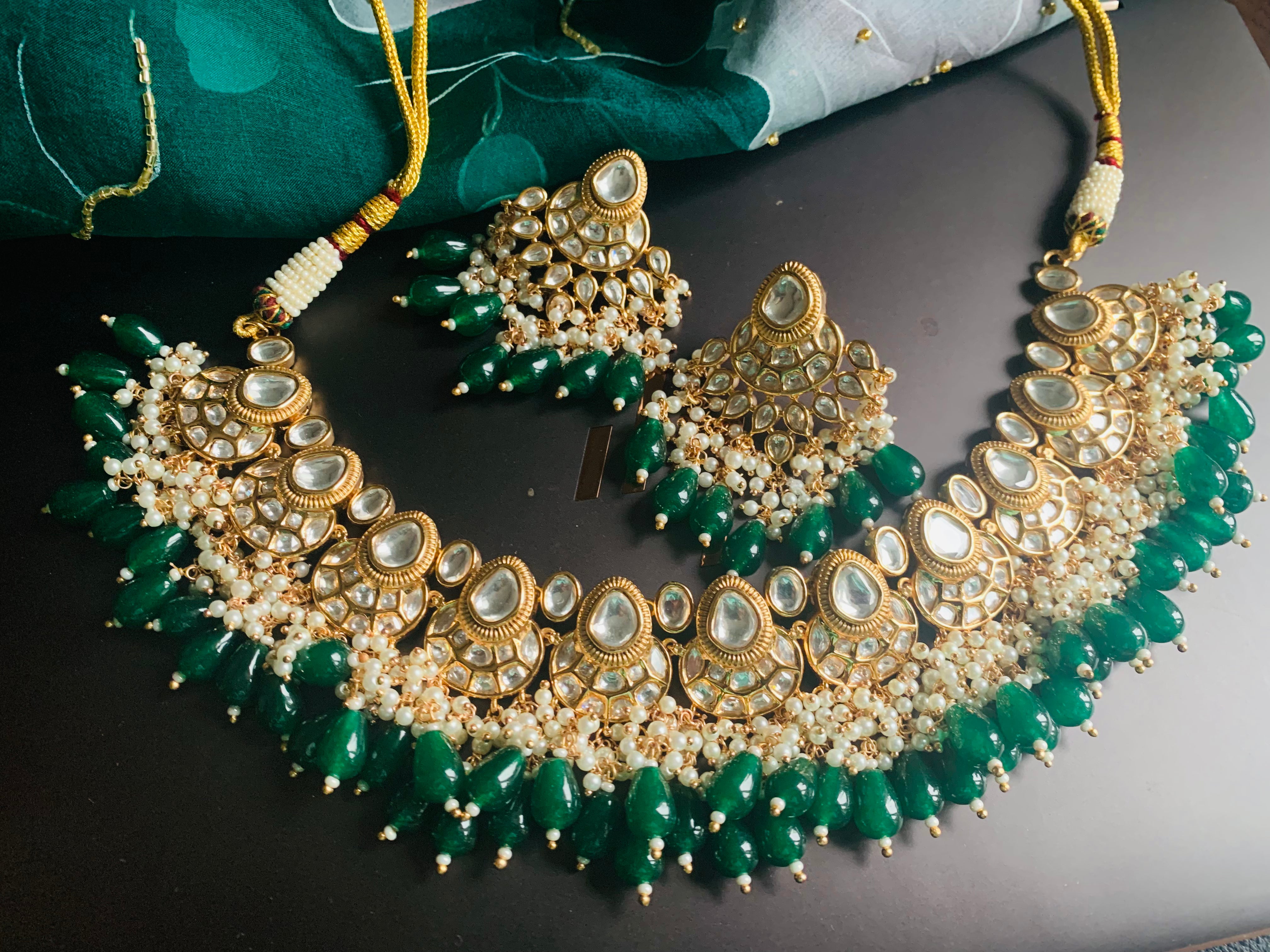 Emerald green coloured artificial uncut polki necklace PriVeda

━━━━━━━━━━

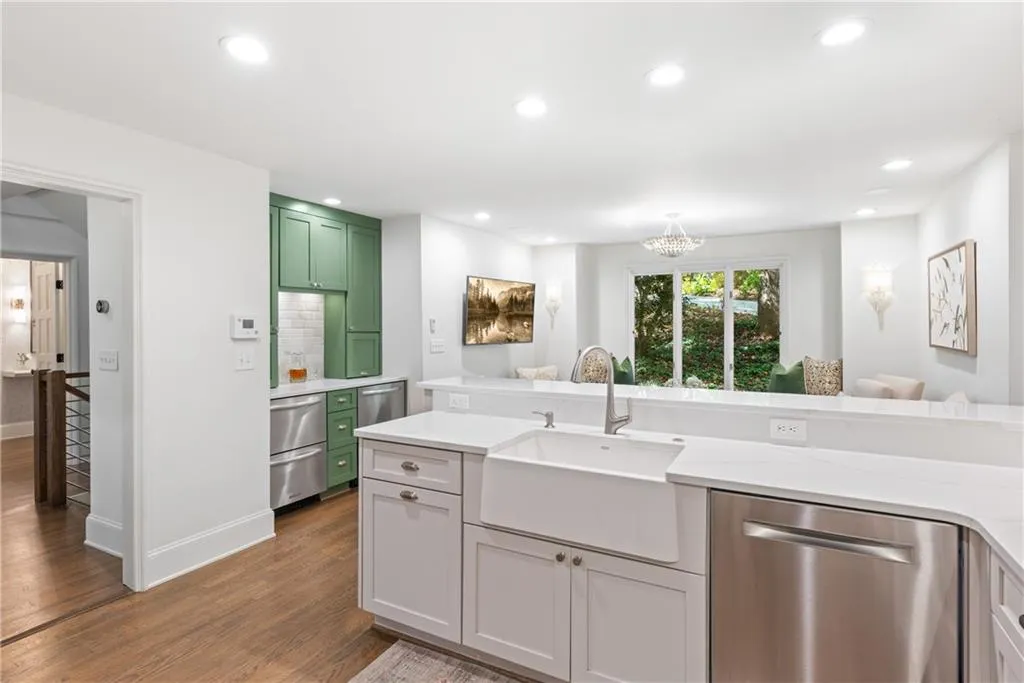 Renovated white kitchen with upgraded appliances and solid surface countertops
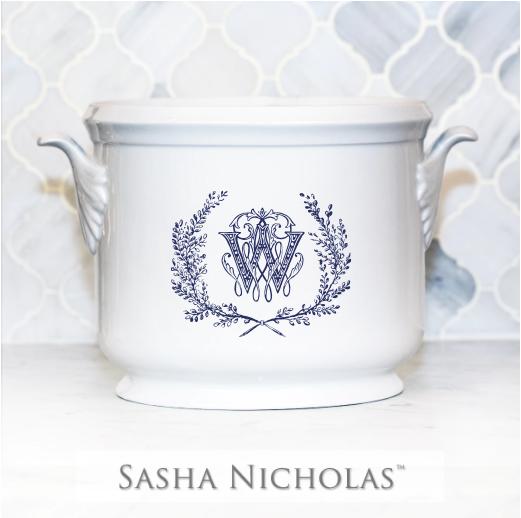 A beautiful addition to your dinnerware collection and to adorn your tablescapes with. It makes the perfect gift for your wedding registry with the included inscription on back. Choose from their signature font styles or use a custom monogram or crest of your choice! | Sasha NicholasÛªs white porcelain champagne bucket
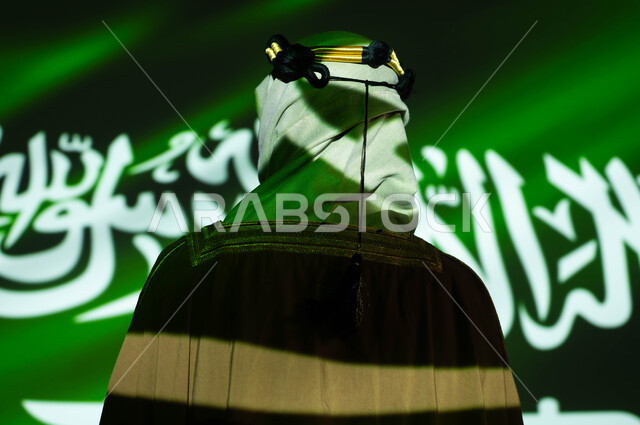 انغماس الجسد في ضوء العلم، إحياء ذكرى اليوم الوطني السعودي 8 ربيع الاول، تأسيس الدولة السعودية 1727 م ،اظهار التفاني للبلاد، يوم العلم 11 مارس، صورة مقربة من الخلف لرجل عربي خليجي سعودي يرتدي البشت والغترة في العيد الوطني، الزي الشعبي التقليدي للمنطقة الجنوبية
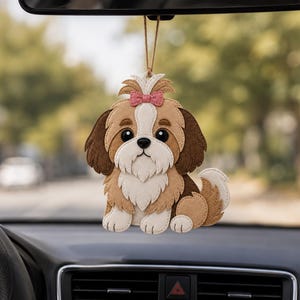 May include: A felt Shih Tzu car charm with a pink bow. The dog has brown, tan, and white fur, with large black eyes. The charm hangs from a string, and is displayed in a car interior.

━━━━━━━━━━

■ **TASK DETAILS**:
Of all the material above, only the lines from the one that has "Renovated white kitchen" down to the one that has "May include: A" are to be written out, exactly and with both ends included. Pictures are skipped.

■ **ANSWER BELOW**:
 Renovated white kitchen with upgraded appliances and solid surface countertops
 A beautiful addition to your dinnerware collection and to adorn your tablescapes with. It makes the perfect gift for your wedding registry with the included inscription on back. Choose from their signature font styles or use a custom monogram or crest of your choice! | Sasha NicholasÛªs white porcelain champagne bucket
 انغماس الجسد في ضوء العلم، إحياء ذكرى اليوم الوطني السعودي 8 ربيع الاول، تأسيس الدولة السعودية 1727 م ،اظهار التفاني للبلاد، يوم العلم 11 مارس، صورة مقربة من الخلف لرجل عربي خليجي سعودي يرتدي البشت والغترة في العيد الوطني، الزي الشعبي التقليدي للمنطقة الجنوبية
 May include: A felt Shih Tzu car charm with a pink bow. The dog has brown, tan, and white fur, with large black eyes. The charm hangs from a string, and is displayed in a car interior.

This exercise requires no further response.